Up to and including the line that holds "Kyle Haak of", print the data exactly from its first line; do not print the pictures.

**Recorded data:**
>>

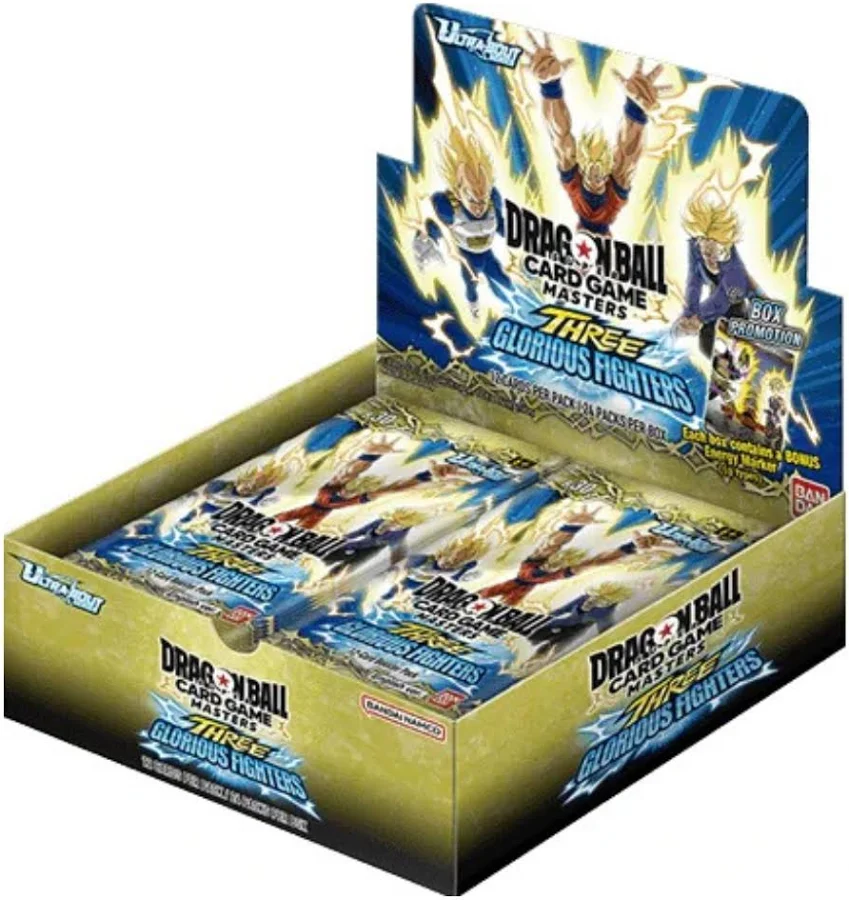 Dragon Ball Super Card Game Masters Ultra-Bout Series 03 Three Glorious Fighters TCG card featuring dynamic character artwork.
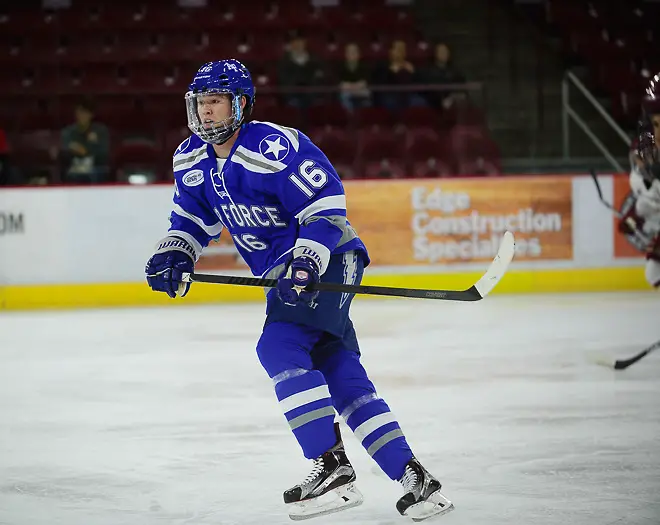 Kyle Haak of Air Force, Air Force vs. Boston College 10-7-16, Icebreaker Tournament, Magness Arena, Denver, Colorado. (Candace Horgan)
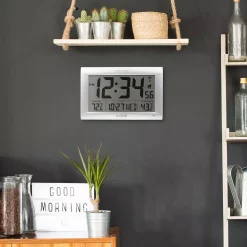 Wall Clocks La Crosse Technology Jumbo Atomic Digital Wall Clock With Outdoor Temperature -SAFAVIEH Shop silver la crosse technology wall clocks 513 1311ot 31 1000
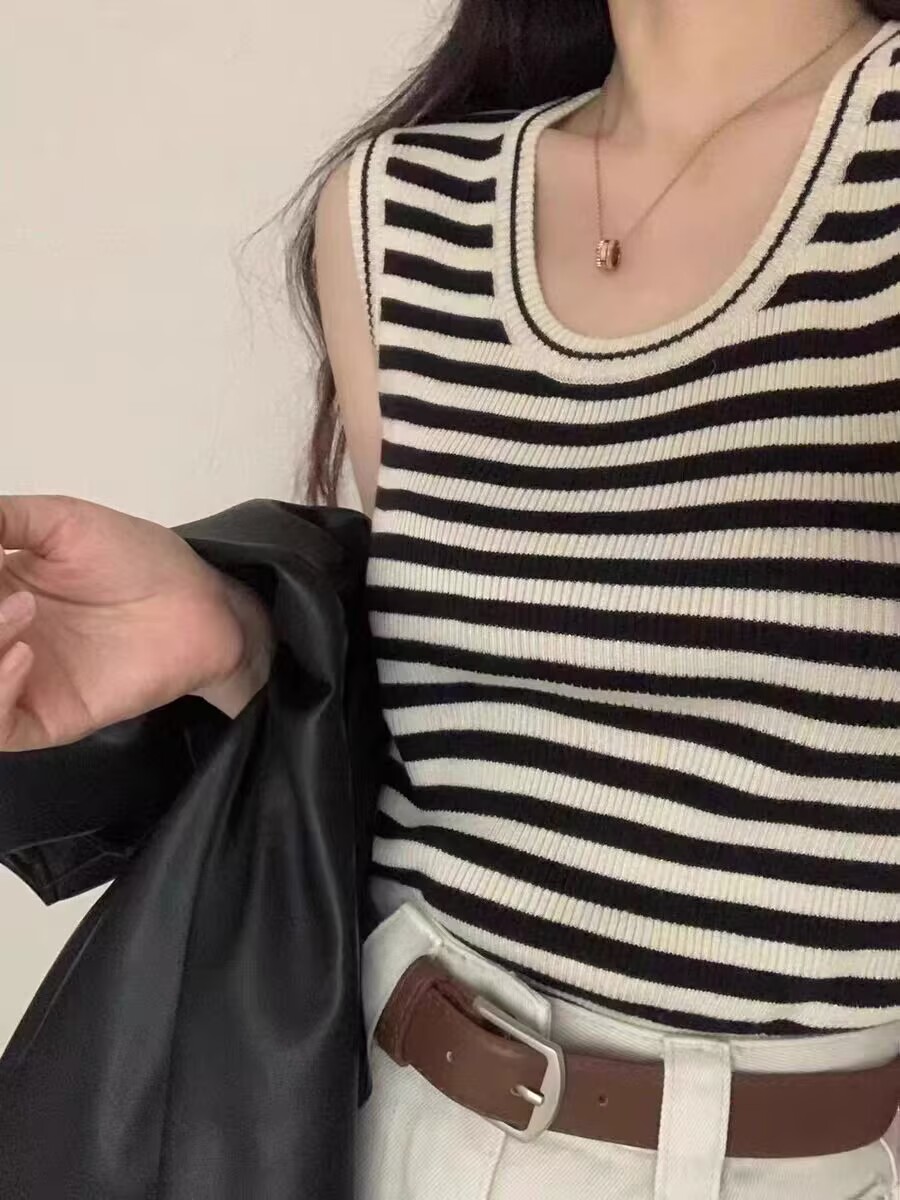 2025 spring and summer temperament versatile round neck vest chic suspender basic elastic slim knitted top sleeveless base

<<

**Output for this task:**
 Dragon Ball Super Card Game Masters Ultra-Bout Series 03 Three Glorious Fighters TCG card featuring dynamic character artwork.
 Kyle Haak of Air Force, Air Force vs. Boston College 10-7-16, Icebreaker Tournament, Magness Arena, Denver, Colorado. (Candace Horgan)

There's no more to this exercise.